As such, I advocated for the Equal Rights Amendment, writing that “ERA is important for men too. When applied to all sexes, it would mean that shared parenting is an equal right. That maternity and paternity leave must be equal. That men cannot be forced into parenthood anymore than women can be. That genital integrity applies equally to men – that is, male circumcision is genital mutilation. That women must be allowed in combat (and will in the US in 2016), and the military draft must apply equally to women and men. That the criminal sentencing discount women currently enjoy – which is greater that the white sentencing discount – must be addressed”.
I criticized the situation today where men are expected to “fulfill the 20th century male gender role while promoting progressive gender roles for women”. The attitude is, “Treat me like an equal, and start by paying for my dinner”. Yet, “make me a sandwich” is no more sexist than “buy me dinner”, though few women today would agree with that.
In my view, it’s fine for a woman to expect a man to pay for dinner, so long as she’s willing to get in the kitchen without hypocritical complaints. Or, if she doesn’t want to get in the kitchen then she needs to pay her half at the restaurant. But a woman who games the system is not a woman one can have a good relationship with.
On the other hand, I’ve criticized conservatives for sometimes pushing individual liberty aside in favour of traditionalism. And I’ve criticized traditionalist men for saying “lucky boy” when a woman has sex with an underage boy instead of recognizing that she’s putting him at risk.
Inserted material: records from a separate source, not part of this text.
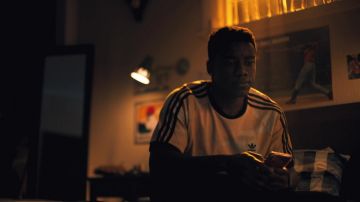 Adidas Originals 3-rayures Tee Shirt en Blanc porté par Cooper Clay (Chibuikem Uche) comme on le voit dans L'un de Nous Est Allongé série TV garde-robe (S01E07)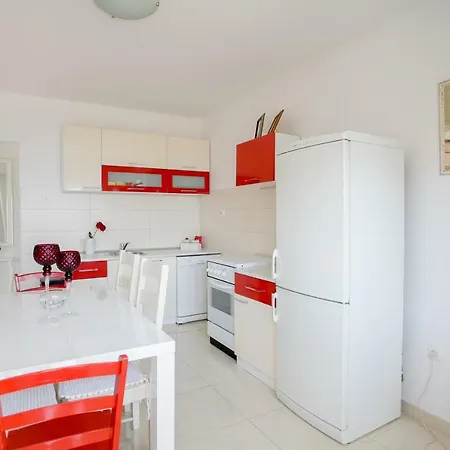 Big Group , Next To The Beach Apartment Jesenice (Split-Dalmatia)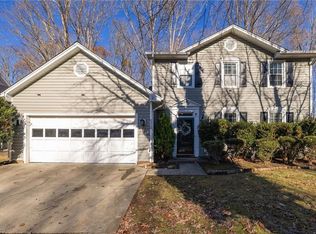6328 River Hills Dr, Greensboro, NC 27410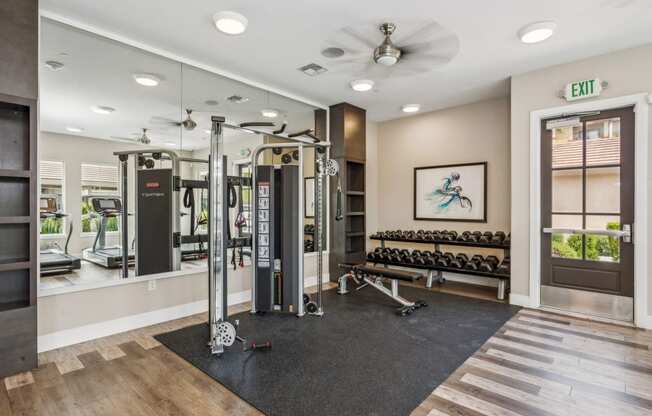 the retreat at thousand oaks gym with free weights and mirrors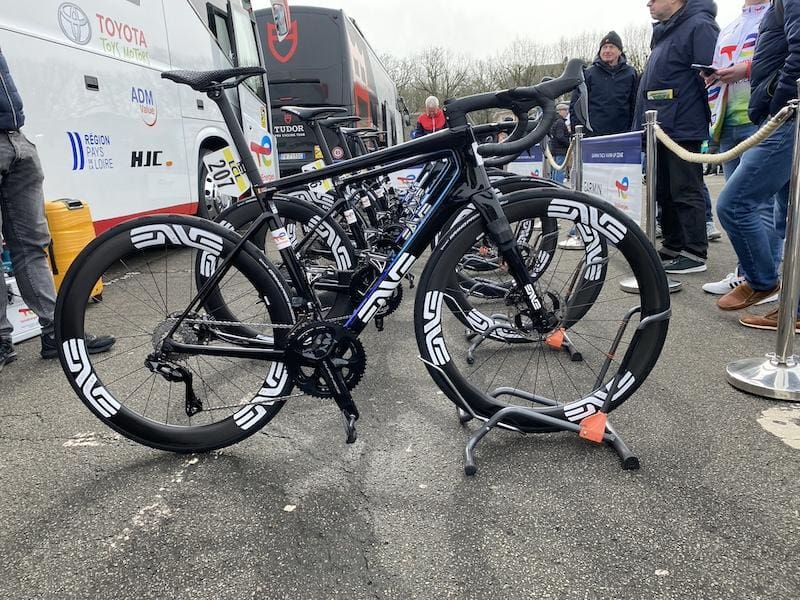 Les vélos et matériel des coureurs pros sur Paris-Nice 2024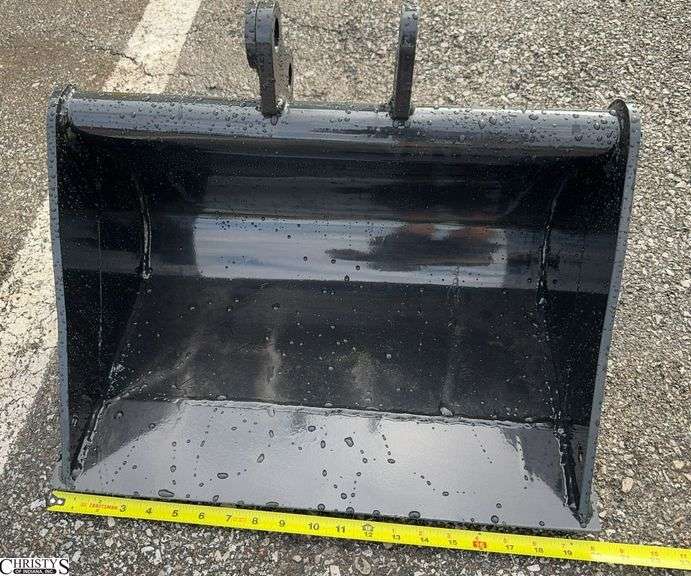 Mini Excivator 20" Bucket image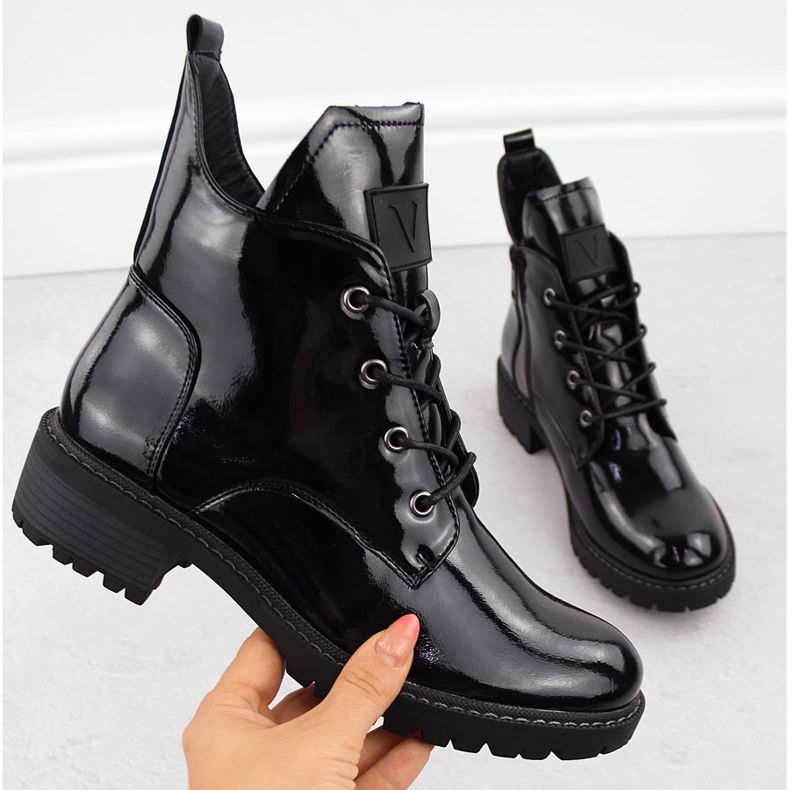 Dámské černé lakované pracovní oděvy Vinceza 58136 černá 1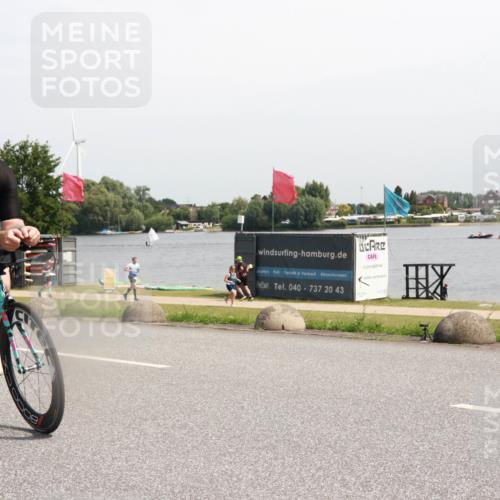 21.06.2025 - 27. Vierlanden-Triathlon H.Heesch http://msf.ph/oto/7997986 15.06.2025 11:34:51 Radfahren 707, 760 meine-sportfotos.de
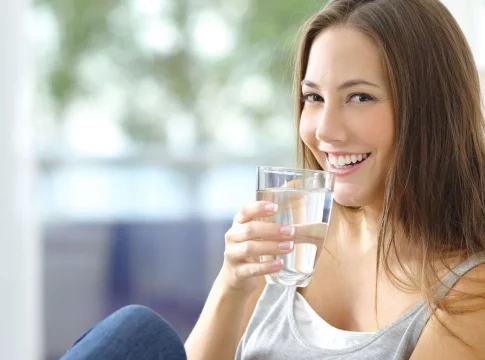 La verdad sobre cuánta cantidad de agua se debe tomar al día La verdad sobre cuánta cantidad de agua se debe tomar al día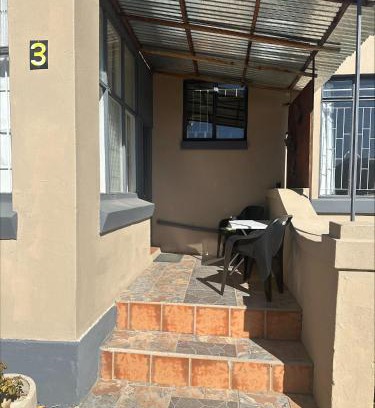 Harrismith House | Reis n Rus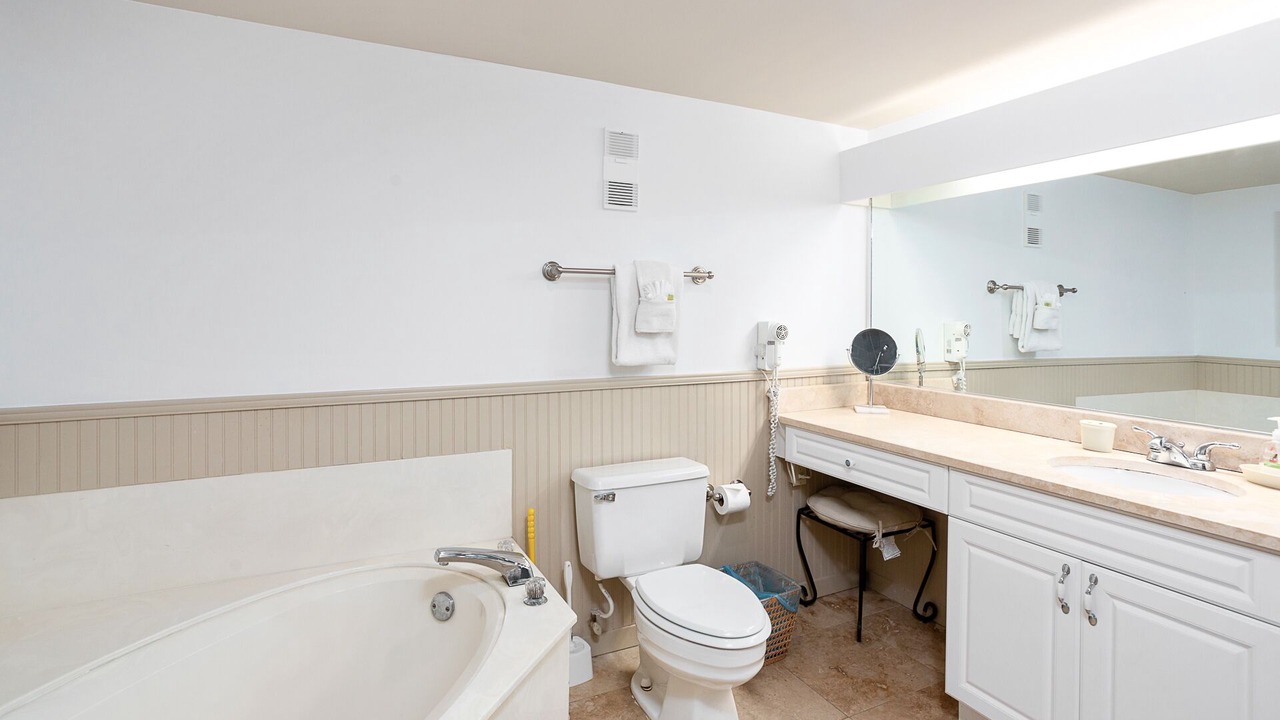 Photo of Bathroom in Saint Simons Island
But I also criticized women who label men as boys when men don’t fulfill the traditional male role, which is transferring resources to women and children (both financial and physical, which is to say, risking his life to protect women). In contrast, I asserted that “a man is being responsible when he supports himself, and has no obligation to transfer his earnings to a woman”.
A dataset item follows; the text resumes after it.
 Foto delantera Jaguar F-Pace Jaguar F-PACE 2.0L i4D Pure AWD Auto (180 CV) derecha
However, I have no problem with a man being the breadwinner and a woman staying home with the kids – if that’s what they choose. But I don’t support shaming people into either traditional or non-traditional roles.
In explaining why I’m pro-choice, I claimed that “Feminist ideology, if it is to be logical and consistent, must admit that men owe women nothing – just as women owe men nothing”.
No fault divorce is a good example. It’s not traditionalist (quite the contrary), and it’s lead to the common situation where women (who file over two-thirds of divorces) can walk away from a marriage for any reason, or no reason at all, and be free from all marital responsibilities. But men’s marital responsibilities continue as alimony.
This combination of traditionalism when it benefits women, and non-traditionalism when that benefits women, is very harmful to men. This is why I agree with MGTOW that men should avoid marriage and fatherhood until alimony is abolished, shared parenting is law, child support is reformed, and there are much stronger protections against paternity fraud.
I also insisted that “women need to take their share of the responsibility for the way in which they support and promote traditional gender roles”.
For example, in a recent post about the Swedish film Force Majeure, where a woman psychologically abuses her husband after he runs away from her and the kids when he thinks an avalanche is coming, I editorialized that “there are no feminists in avalaches, or sinking ships, or any other dangerous situation. Women want men to take on life threatening risks, and they’ll go back to being feminists once they’re safe”.
I made it clear that I was not criticizing the traditional male role, noting that I previously wrote in support of stoicism, approvingly quoting Marcus Aurelius, who wrote that “You have power over your mind – not outside events. Realize this, and you will find strength”.
The problem, I noted, “is that while women demand the traditional male role, they also demean rather than respect men who fulfill it”.